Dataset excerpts
┌──

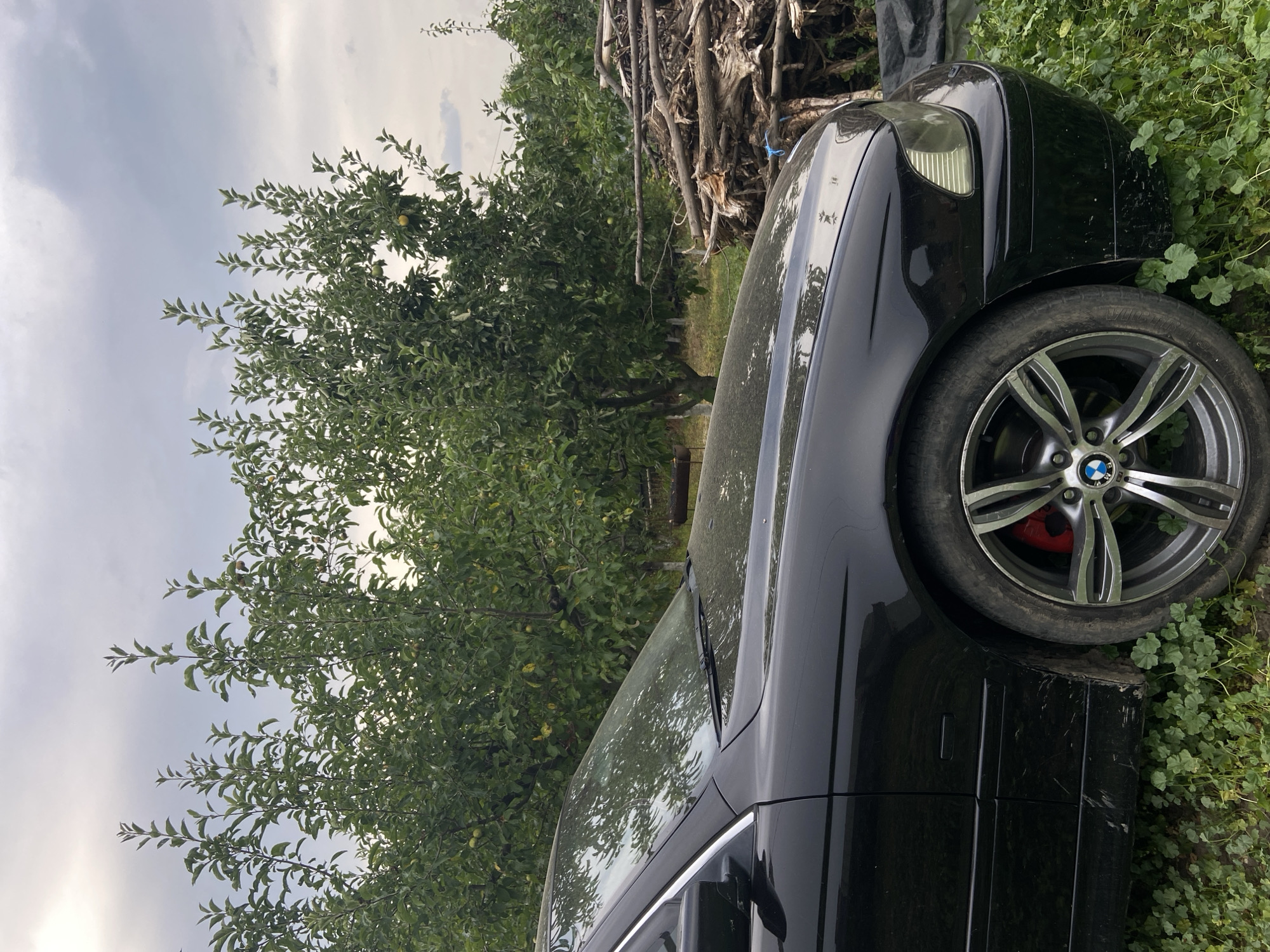 A black BMW sedan is parked on a grassy area with scattered green clover. The car is viewed from the side, with its front fender and wheel prominently displayed. The wheel is a silver multi-spoke alloy with a red brake caliper visible. Behind the car, a dense arrangement of trees with green leaves and some visible fruit, possibly apples, forms a backdrop. The sky above is overcast with grey clouds. To the right of the trees, a large pile of cut branches and logs is stacked. The overall scene suggests an outdoor setting, possibly a rural or semi-rural location.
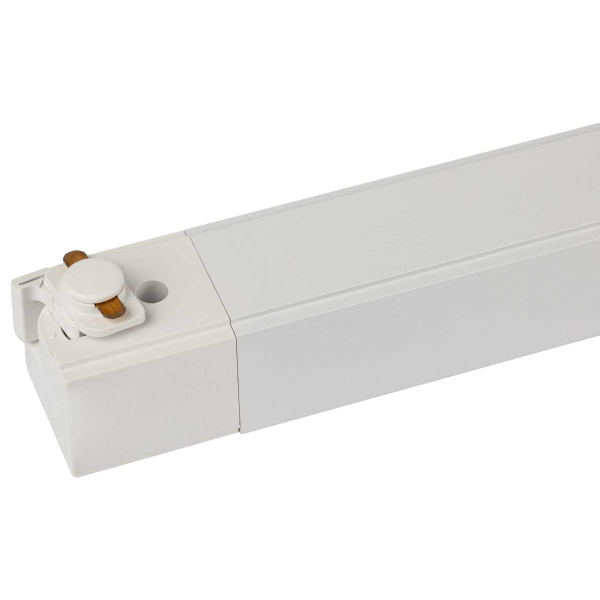 Трековый светильник однофазный ЭРА TR50-2040 WH Б0054167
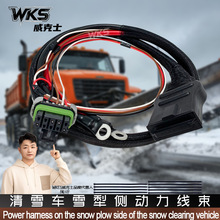 42015��܇��ѩ�C�Ȅ�������4�늳ؾ�����Western SnowExBlizzard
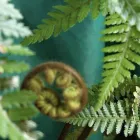 Unternehmen 1 Bild DOUDIN FRANÇOISE MASSAGES THÉRAPEUTIQUES Wellness & Spa am Carouge GE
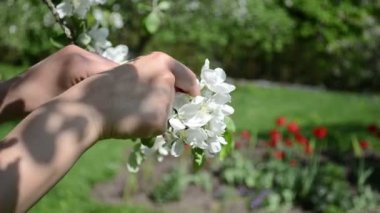 kadın bloom elma ağacı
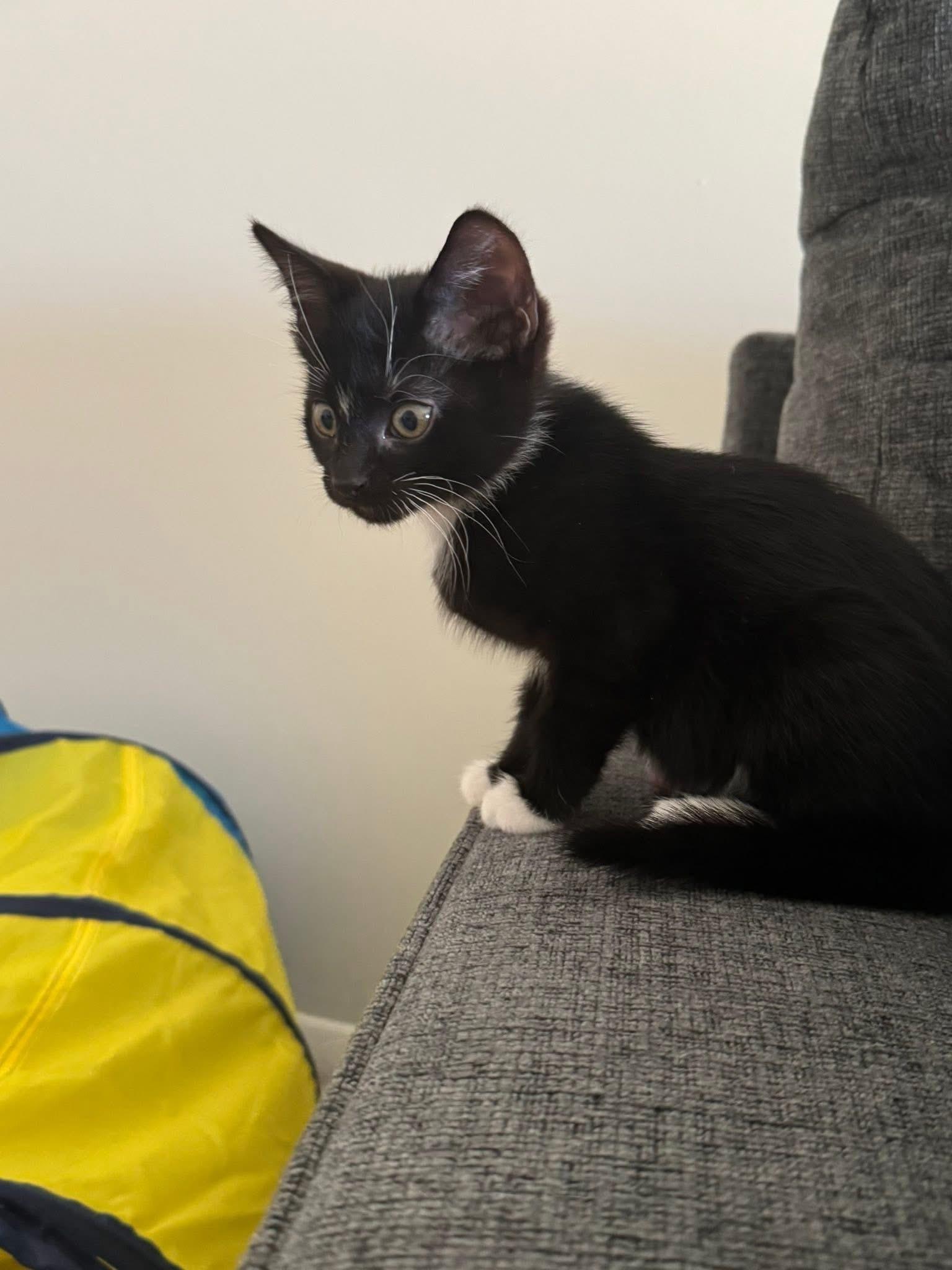 Benny and Bandit, ADOPTABLE, Kitten Male Domestic Short Hair.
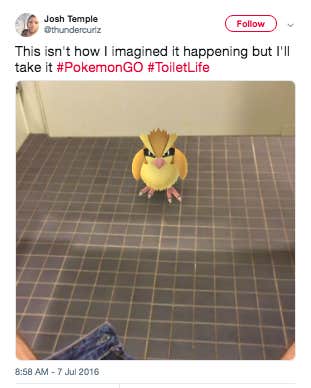 Nintendo Pokemon Go Funny Photos Funny Quotes
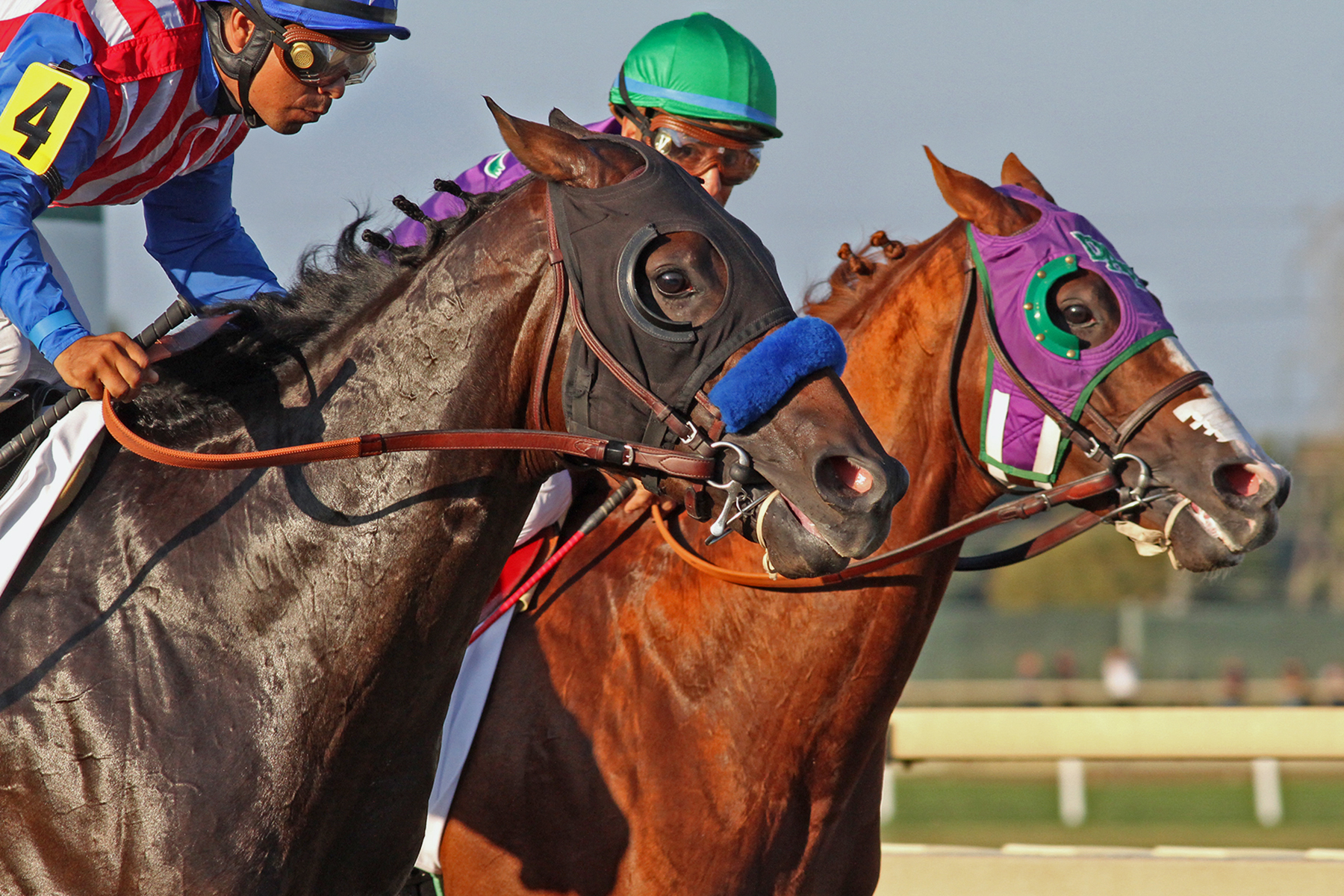 Bayern/California Chrome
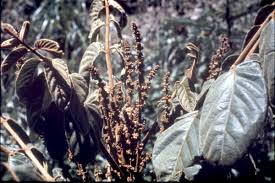 Image result for Brucea antidysenterica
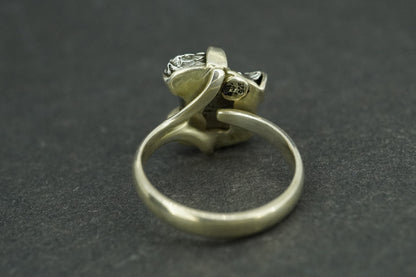 Meteorite Sterling Silver Large Ring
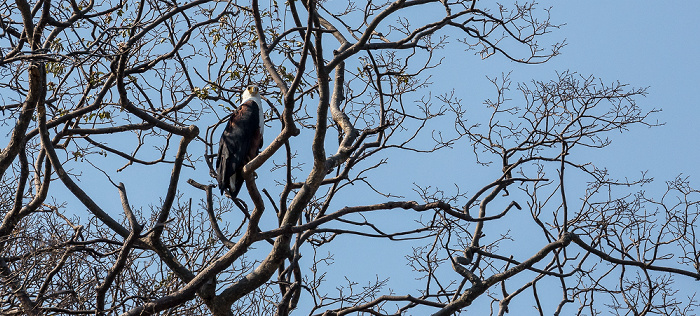 Malawisee Mumbo Island: Schreiseeadler (Haliaeetus vocifer)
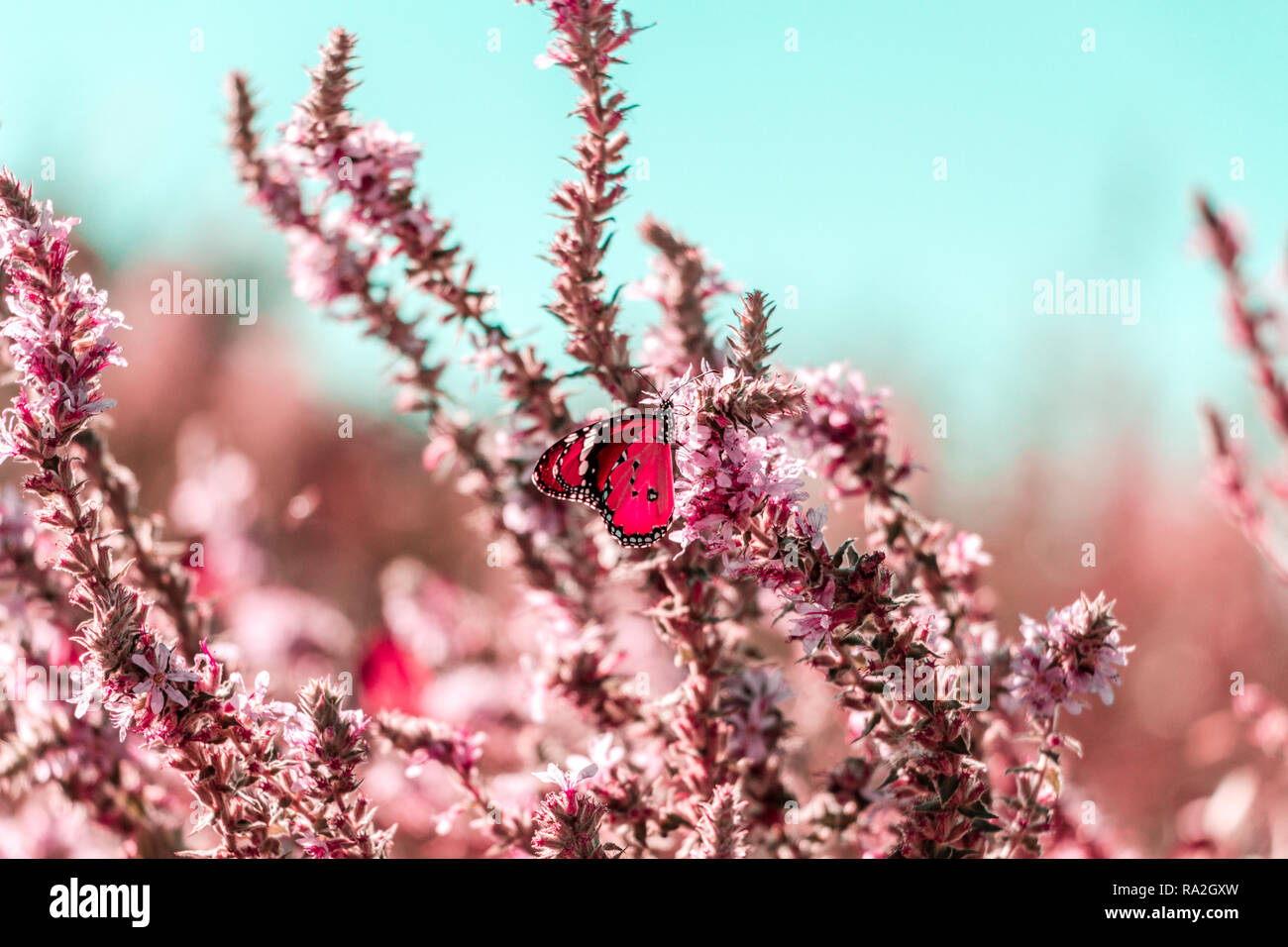 Butterfly sitting on a flower Stock Photo - Alamy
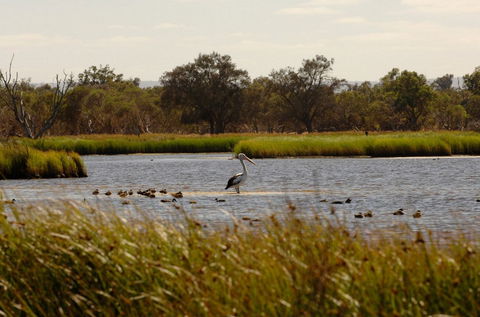 Anytime Adventures In Mandurah & The Peel Region - Attractions 0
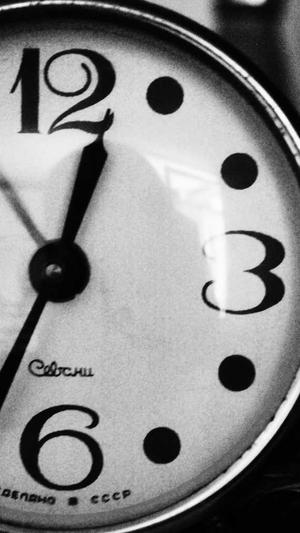 黑侠蜘蛛池2.0破解版截图1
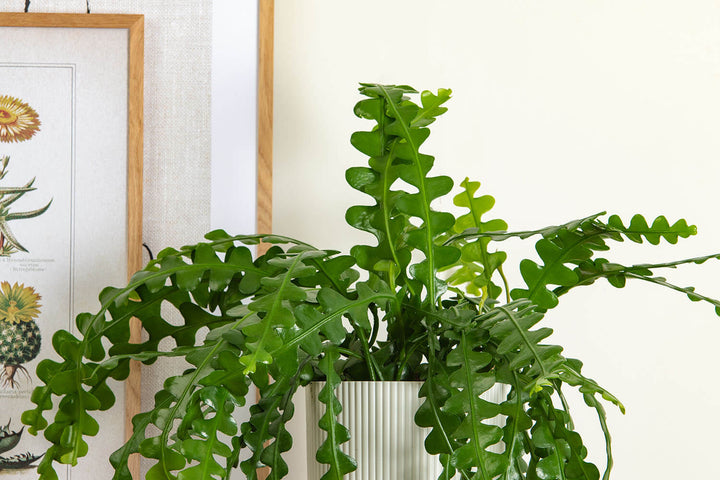Prickle Plants Fishbone Cactus House Plant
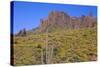 USA, Arizona, Tonto National Forest, Superstition Wilderness-John Barger-Stretched Canvas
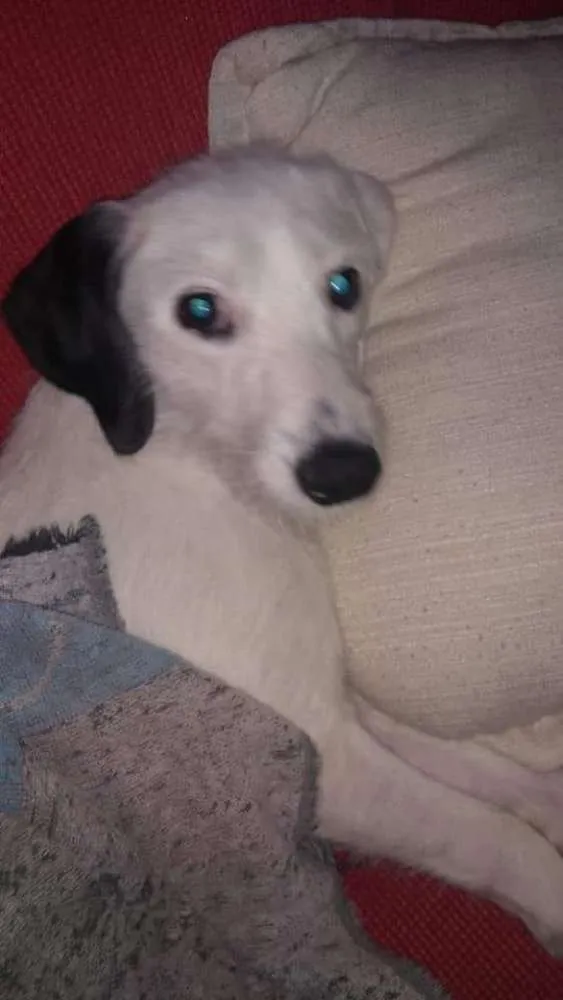 Cachorro ra a  idade 7 a 11 meses nome Pérola 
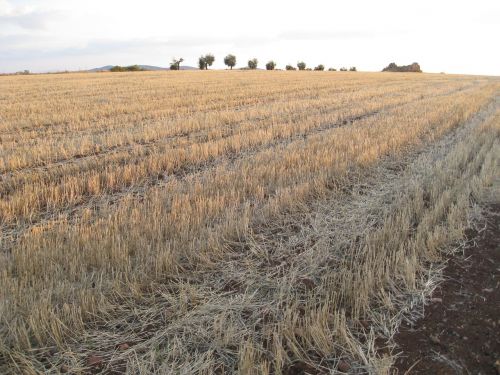 field wheat landscape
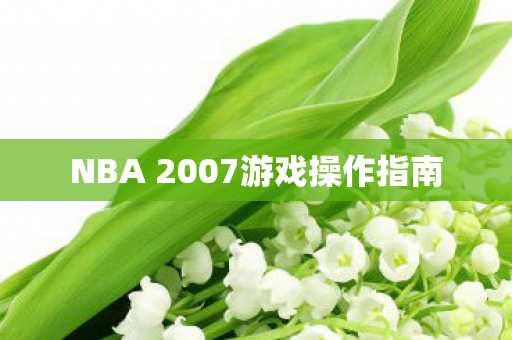 NBA 2007游戏操作指南图片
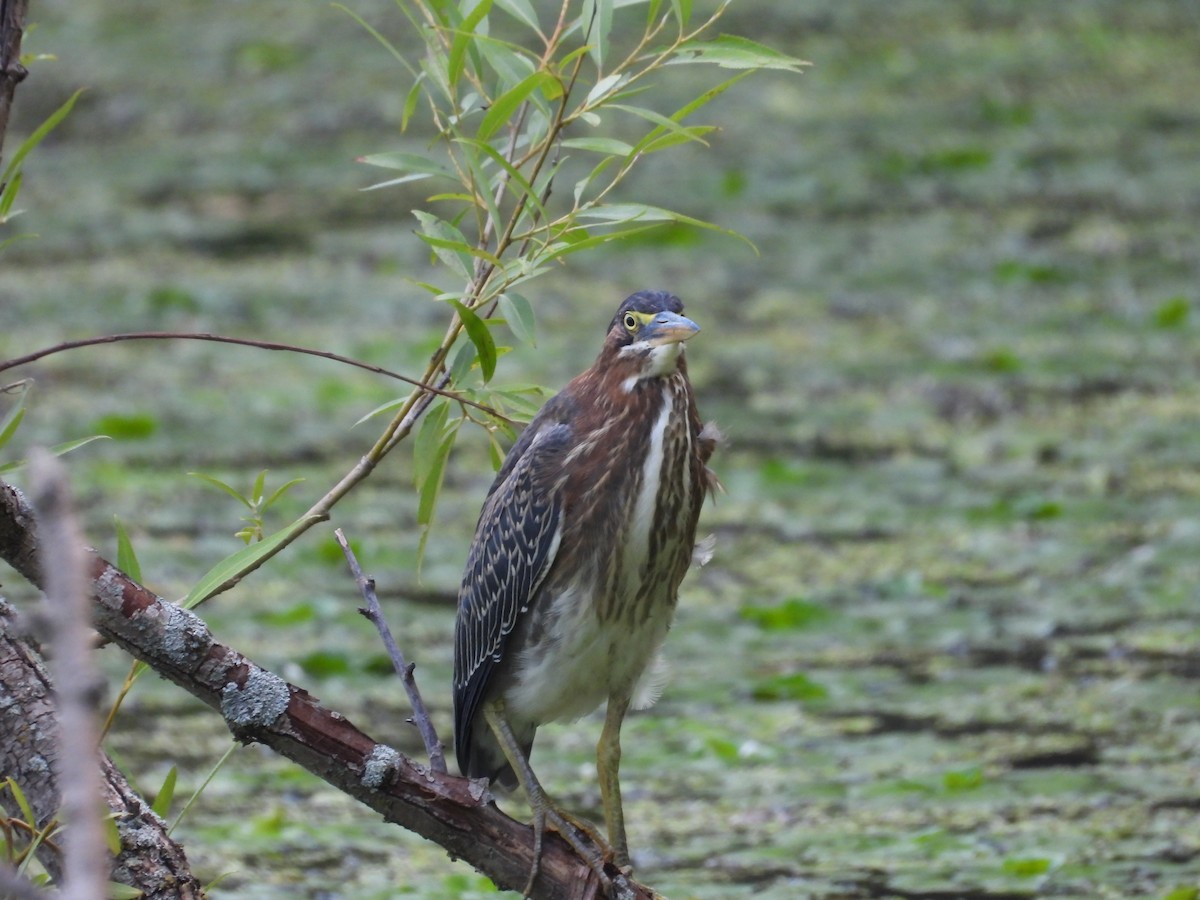 Green Heron - ML639412792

└──

• [Brief] Print again, word for word, every line from the line with "field wheat landscape" to the final line of the records, inclusive; skip the pictures.

• [Worked solution]
 field wheat landscape
 NBA 2007游戏操作指南图片
 Green Heron - ML639412792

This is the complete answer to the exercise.